Ihwal adanya kolusi di MA dalam perkara Gandhi Memorial School (GMS) masih terus ditutup-tutupi dengan segala cara. Hingga kini empat bulan semakin berlarut-larut. Main kekuasaan dan main pecat terhadap Ketua Muda MA Bidang Hukum Pidana Umum Adi Andojo Soetjipto, S.H., sebagaimana dipertontonkan Ketua MA Soerjono, S.H., secara keroyokan telah memicu masyarakat luas untuk beraksi. Bahkan seorang pengacara ibukota Rudy Gunawan, S.H. tertekad akan mogok makan sampai mati kalau Andi Andojo benar-benar dipecat. Pekan ini saja sejumlah mahasiswa dari berbagai perguruan tinggi di Purwokerto melakukan aksi mogok makan dalam perkemahan Komite Mahasiswa untuk Demokrasi dan Antikolusi (Komarudin) di kampus Universitas Jenderal Sudirman. Aksi serupa memberi dukungan moral bagi Adi Andojo membongkar kolusi juga terus bergerak di seluruh tanah air. Berikut wawancara khusus SWADESI dengan Adi Andojo di rumahnya, Komplek Mahkamah Agung, Senin 17/7.

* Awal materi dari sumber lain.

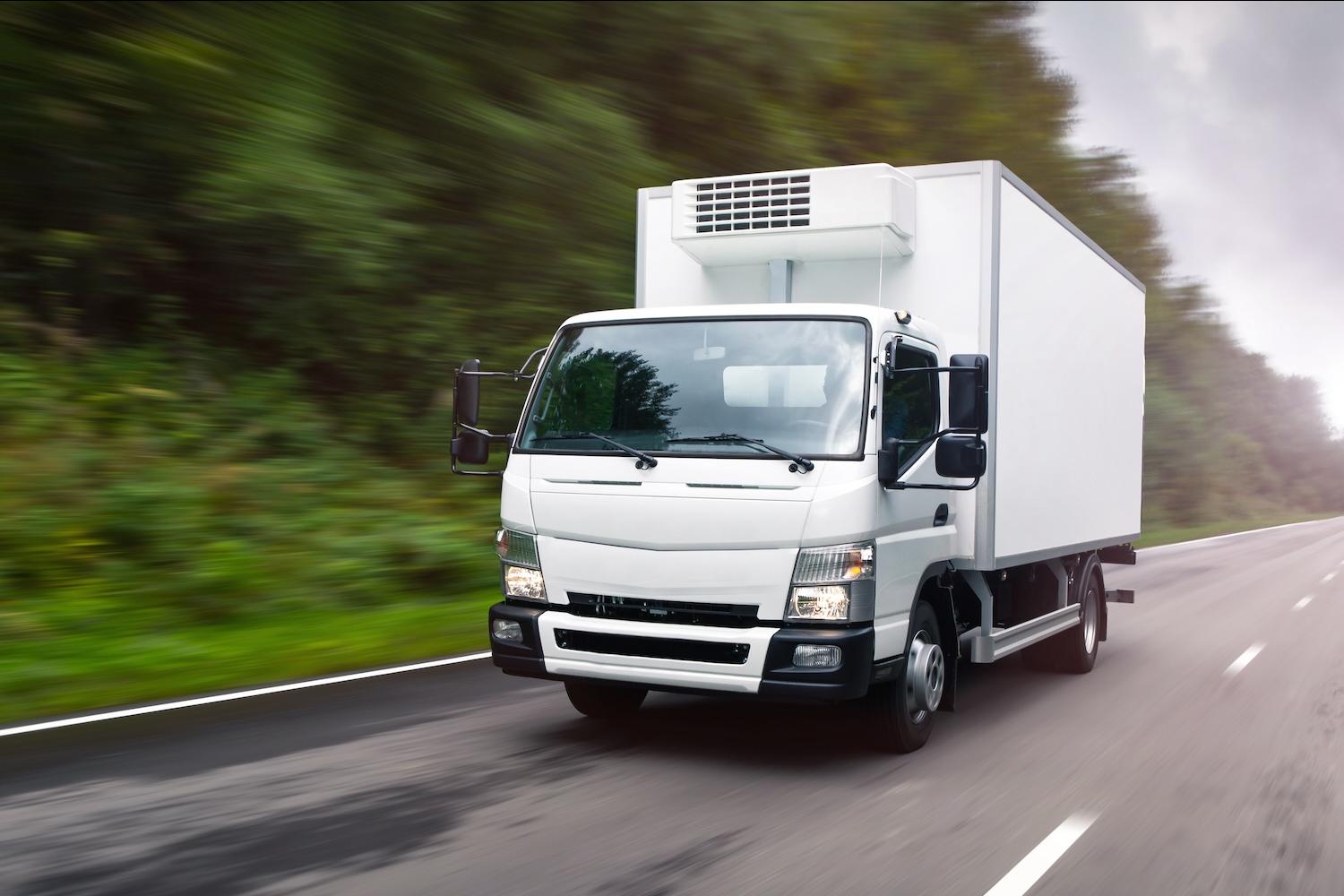 box truck on highway with trees in background - fueling for fleets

Soal kolusi di MA makin meruncing dengan adanya usulan Ketua MA Soerjono kepada Presiden untuk memecat Anda. Sampai-sampai ada pengacara mogok makan hingga mati jika pemecatan itu jadi dilaksanakan. Bagaimana Pak Adi menyikapi itu?

Saya menghargai usaha Rudy Gunawan, karena itu keluar dari hati nuraninya selaku pengacara untuk menegakkan hukum dan keadilan. Menegakkkan kebenaran. Tetapi saya tidak setuju dengan tekadnya mogok makan sampai mati. Sebab hal itu akan memberatkan keluarganya. Kalau saya betul dipecat dan keluarganya akan kehilangan dia sebagai kepala keluarga. Dan apa yang dilakukan itu saya kira tidak akan menyelesaikan masalah. Saya mohon jangan sampai terjadilah. Batalkan saja rencana itu.

Pengacara Rudy Gunawan sendiri sudah mengubungi Anda langsung secara pribadi?

Tidak sama sekali. Tetapi kalau melalui surat sudah. Cuma itu merupakan tembusan saja.

Dukungan masyarakat luas kepada Anda untuk membongkar adanya kolusi di MA terus mengalir sampai hari ini?

Ya, banyak sekali surat yang masuk kepada saya. Satu per satu saya balas. Semuanya dicatat rapi oleh istri saya. Yang melalui telepon banyak juga.

Akan diapakan surat-surat itu nanti. Mungkin ada niat untuk dibukukan?

Betul, ada niat itu. Jadi, semua surat-surat saya masukkan file. Nanti setelah masalah kolusi itu dapat diselesaikan akan saya terbitkan menjadi buku.

Apakah Anda memperhitungkan resiko-resiko atau akibat-akibat yang akan terjadi ketika berniat untuk membongkar adanya kolusi di MA itu?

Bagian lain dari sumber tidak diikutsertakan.